Punto di domanda valido tutt’oggi. In una campagna elettorale di mirabolanti e fantasmagorici impegni, si torna a parlare di una “casa della salute” promessa sette mesi fa da Nicola Zingaretti ai guidoniani. Che farebbero bene a verificare cos’è una “casa della salute” prima di dire “ok ci stiamo”. Per rendere l’idea si prende in esame il profilo dimensionale: nei paraggi, una “casa” è a Zagarolo (18mila abitanti) e un’altra a Palombara Sabina (13.500). Meno di un quartiere di Guidonia Montecelio e/o di Fonte nuova. Nemmeno aggiungendo le certe confluenze di domande provenienti della periferia est romana: Ponte di Nona, Case Rosse, Settecamini, Lunghezza, perché non Montesacro? Una quantità smisurata.

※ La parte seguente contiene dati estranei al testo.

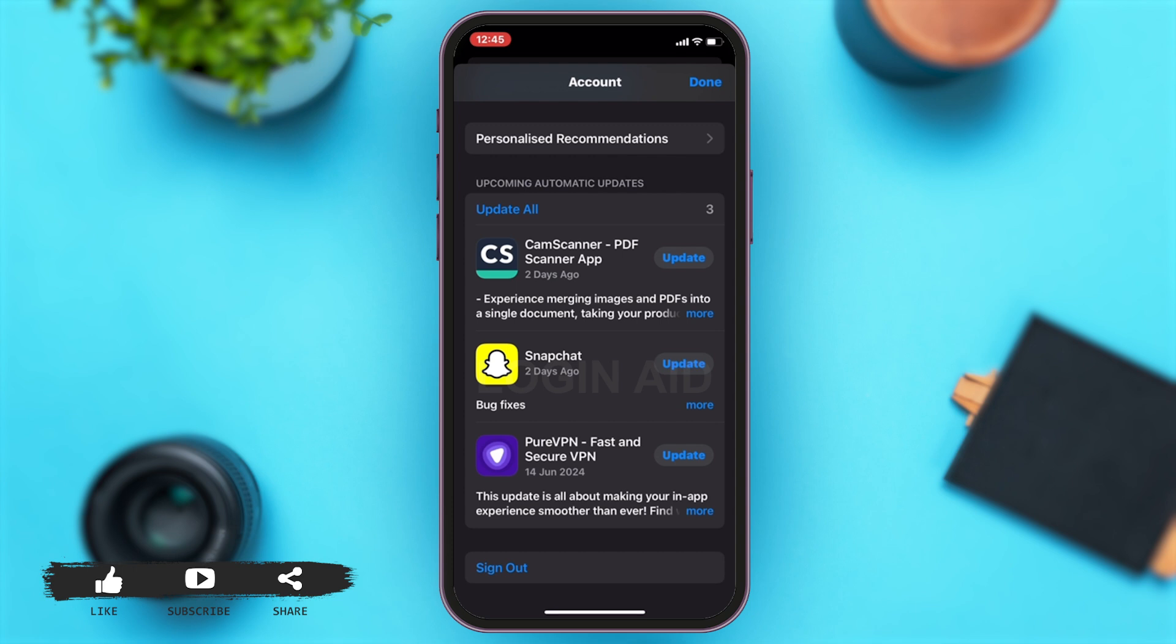However, if it is not updated and you find it in this list, you can just tap on the update button right next to the app, as shown on screen. This will simply update your Binance app.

La promessa distoglie l’attenzione rispetto al necessario ospedale
La serietà d’una proposta della politica non può essere misurata da un’infermeria pluricamere. Sulla quale, oltre a pesare compiti totalmente slegati dalla gravità del caso, aspetti da dover obbligatoriamente delegare all’ospedale, non troverebbe riparo il fenomeno della mobilità passiva, per le caratteristiche del territorio un peso economico elevatissimo nella Asl Rm5. Al centro della quale, per una serie di fattori – uno per tutti, la difficoltà per raggiungerlo –, il “San Giovanni Evangelista”, andato via via trasformandosi in una sorta di refugium peccatorum delle popolazioni limitrofe a Tivoli mentre i locali si dirigono a Roma.

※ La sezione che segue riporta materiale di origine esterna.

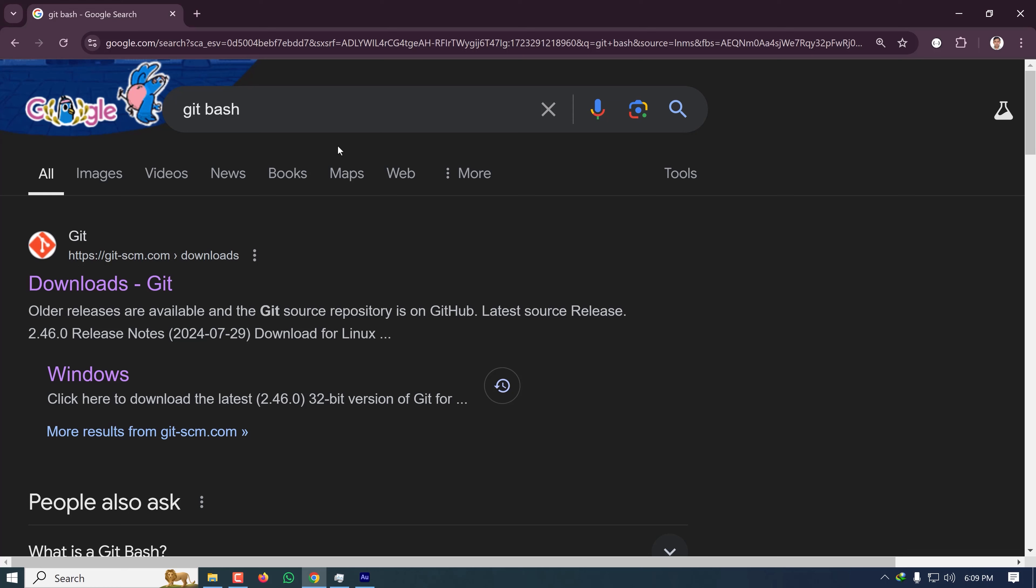Hey everyone, in this quick tutorial I'm going to show you how to install Git Bash on your Windows 11 or Windows 10 computer. Go to Google and search for Git Bash, then click on the Git Bash download link.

Serve un ospedale dell’area tiburtina. Nessun “surrogato” tipo casa della salute o contentini da 300mila euro. Una decisione che non si può più scansare. Si deve ripartire dal 1999, allorché la Regione Lazio stanziò la prima tranche dei 145 milioni di lire necessari per l’edificazione completa. Che nel 2001 spese Francesco Storace, presidente della giunta regionale tra il 2000 e il 2005, distribuendoli a pioggia ai più diversi richiedenti. D’accordo con Marco Vincenzi, difensore del San Giovanni Evangelista, ospedale base elettorale.

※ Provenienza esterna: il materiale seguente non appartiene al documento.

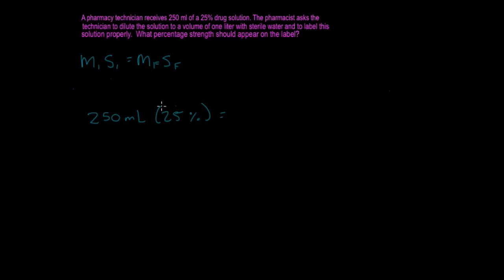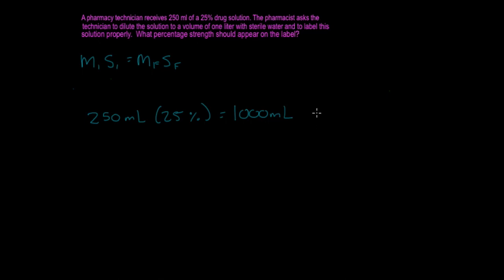1 liter, because you have milliliters over here, you're going to want milliliters over here. So 1 liter is going to be 1,000 milliliters. And that's something that you should know or that you should learn and memorize very well because it's very important. And then you have the strength final.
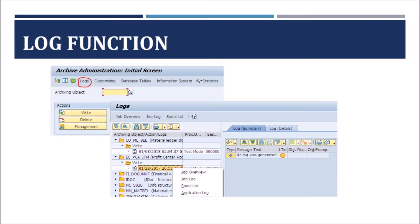Another way to view archiving logs is to go to the SARA transaction and click the Logs button. On the left side of the screen, we can see existing job logs sorted by archiving object action such as write and delete, along with date and time. In the processing options column, you can see whether the program was started in test mode or production mode. The archiving session number column displays the number of the archiving session. The business object specific log appears directly on the right-hand side of the log display; if it is not generated, the system issues a corresponding message.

Nell’area dell’ex Pio istituto Santo Spirito, ci sono 100 ettari di terreno ancora non compromessi (20 nel comune di Tivoli; gli altri a Guidonia Montecelio). Lì può trovare soddisfazione l’obiettivo dell’ospedale, con il vantaggio che essendo superficie di proprietà della Asl Rm5 si abbatterebbero i costi della costruzione (e si contribuirebbe anche alla parziale riqualificazione urbanistica e sociale del quartiere di Albuccione).
Sul tema attendiamo l’espressione dei candidati al consiglio regionale. Sarebbe il segno positivo esplicito della volontà di mantenere in vita l’azienda sanitaria. Se vuole, anche Giovanni Quintavalle dovrebbe dire la sua.